Highly liquid markets ‘tip’ towards becoming a clearinghouse where neither the consumer nor the supplier would favor an alternative. That only happens if momentum is increasing, and both consumers and suppliers are sensing an increasing importance of their place in the market…  Here are few factors to consider when evaluating the potential success of a market opportunity:

  • Experience vs. Status Quo: Great companies do not simply aggregate a market; they enhance it. They leverage the connective tissue to offer the consumer a user experience that simply was not possible before the arrival of this new intermediary…
  • Economic Advantages vs. Status Quo: Some markets provide enhanced economic advantages. If you can change the economics of a market, it gives a huge advantage when it comes to tipping a market…
  • Opportunity for Technology to Add Value: In many markets, the technology offering greatly enhances the user experience. Facilitating work-flow through the use of technology reduces work for the customers, and increasing switching costs…
  • Size of the Market Opportunity: A proper TAM (total available market) analysis is imperative, but it is easy to make mistakes looking only at TAM… For some markets it may not matter that the market is large, since an oligopoly of large players may control a massive percentage of the market and is unlikely to support a new entries…
  • Network Effects: Network effects are tricky and hard to describe but fundamentally it turn on the following question: Can a market provide a better experience to customer– ‘n+1000’ than it did to customer ‘n’ directly as a function of adding 1000 more participants to the market? You can pose the question to either side of the network– demand or supply. If the answer is yes,  then it’s magic, and you will get stronger over time…

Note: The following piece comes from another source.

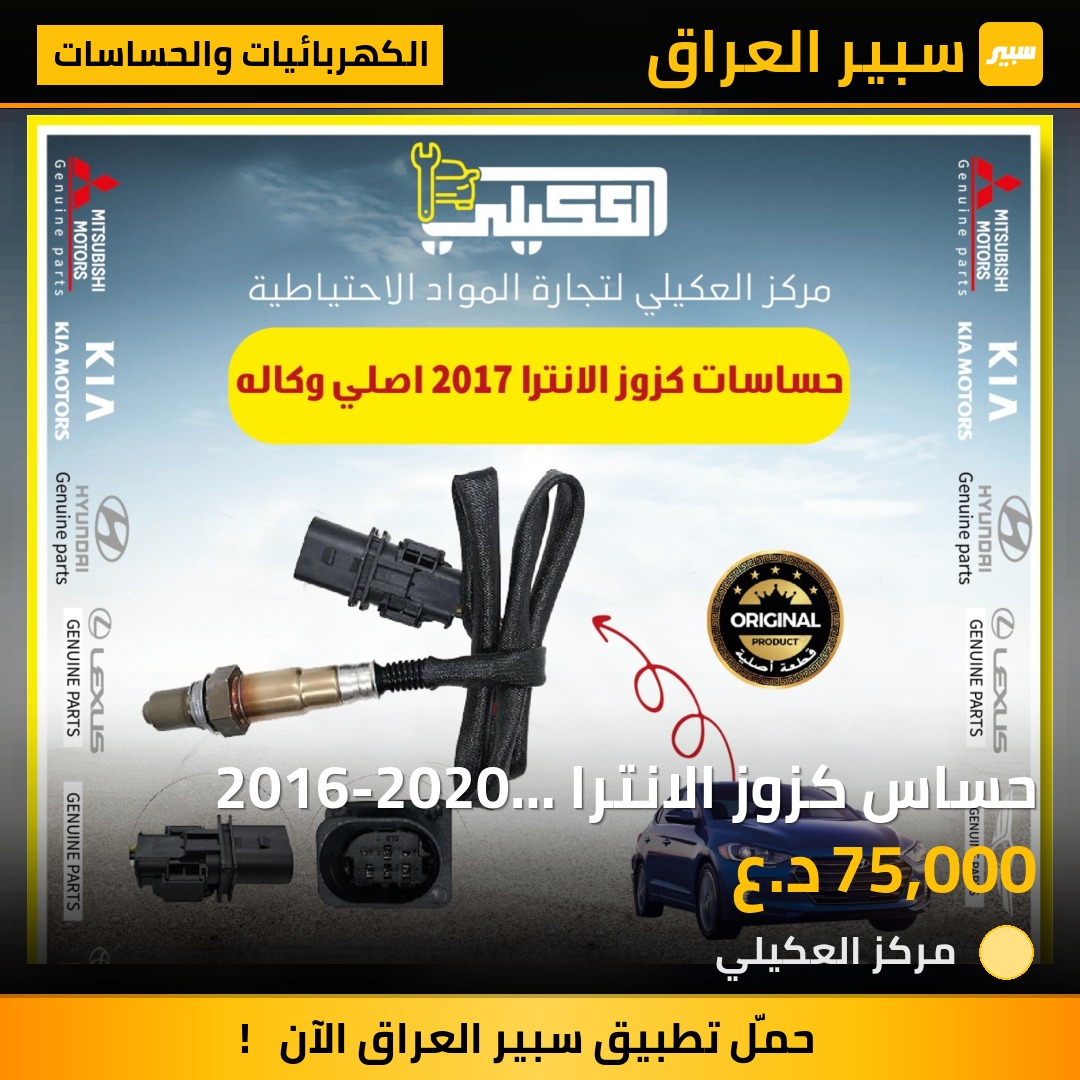 حساس كزوز الانترا 2016-2020 خليجي موبس - الكهربائيات والحساسات - هيونداي النترا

In the article How To Identify a Market and Size-Up Competitors by Rebecca O. Bagley writes: Several of questions you try to answer are: How big is the overall market? How rapidly is it growing? What segments are most interesting? But it’s also important to distinguish between ‘addressable’ and ‘available’ market. The ‘addressable’ market is total revenue opportunity for a product or service. The ‘available’ market is the portion of the addressable market for which you can realistically compete.

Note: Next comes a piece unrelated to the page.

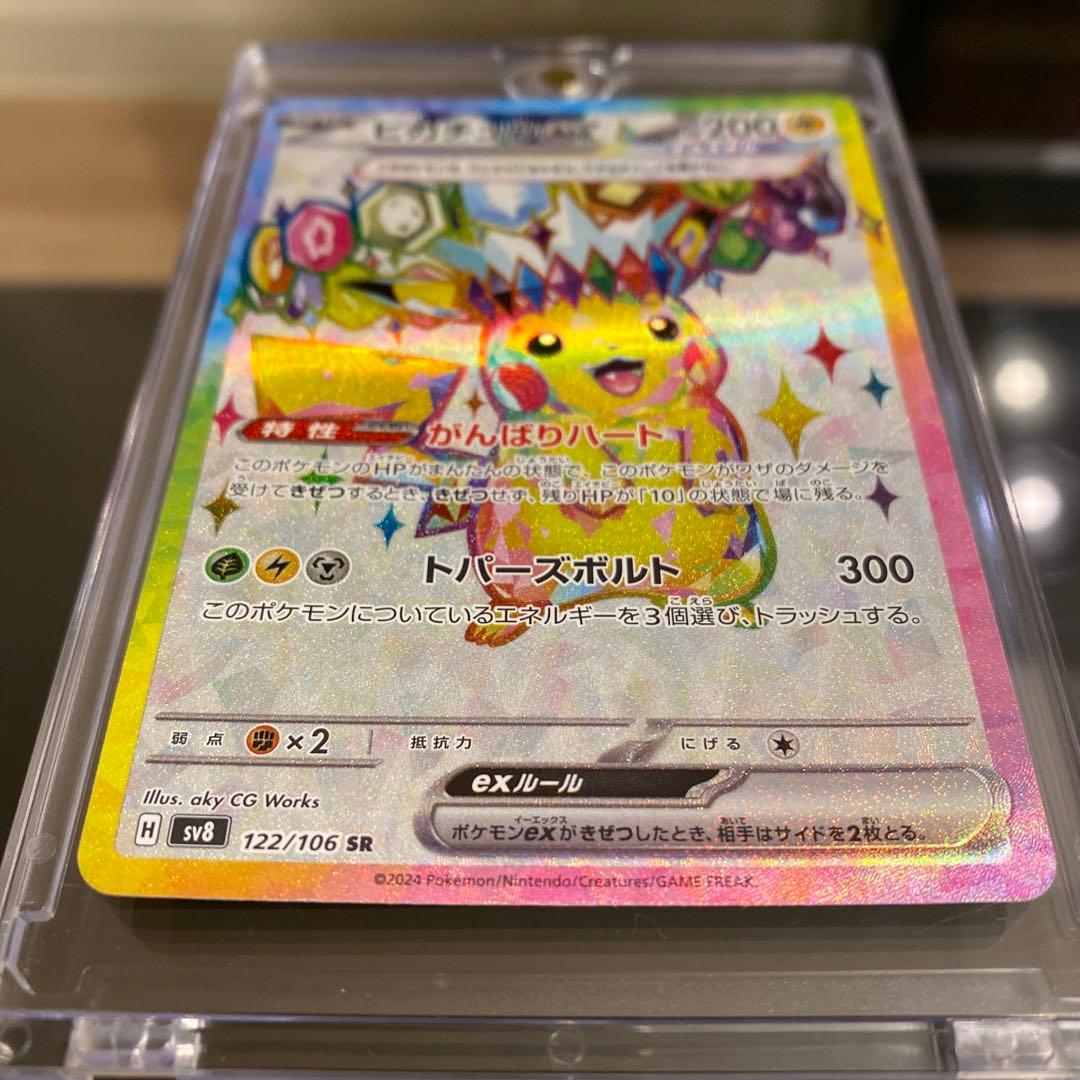 【ピカチュウEX 】SR 122/106 極美品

Once you are clear about this distinction you can begin to collect data to size a market… Be aware that collecting information and finding relevant and accurate data can feel a bit like detective work, e.g.:

  • Customer Targeting: The goal is to identify customers that best fit a value proposition and can best influence broader adoption of the product or service… If you determined that the product’s or service’s primary value is, e.g.; technology, cost…then identify customers that prioritize with these values… Also, determine their influence and identify the decision makers… Use websites, personal connections and other tools to find out who they are and target them…
  • Competitive Assessment: Knowing who competes for customers is essential to assessing opportunities and odds for success. By understanding competitors’ value propositions, you can begin to evaluate top competitive threats and determine the availability of the market… Take broad inventory of competitive landscape, determine who are key competitors and identify their customers. Then, map their value propositions along three key dimensions: Cost, Service, Technology… Successful competitive strategies include highly differentiated value propositions tailored to the needs of a specific target market…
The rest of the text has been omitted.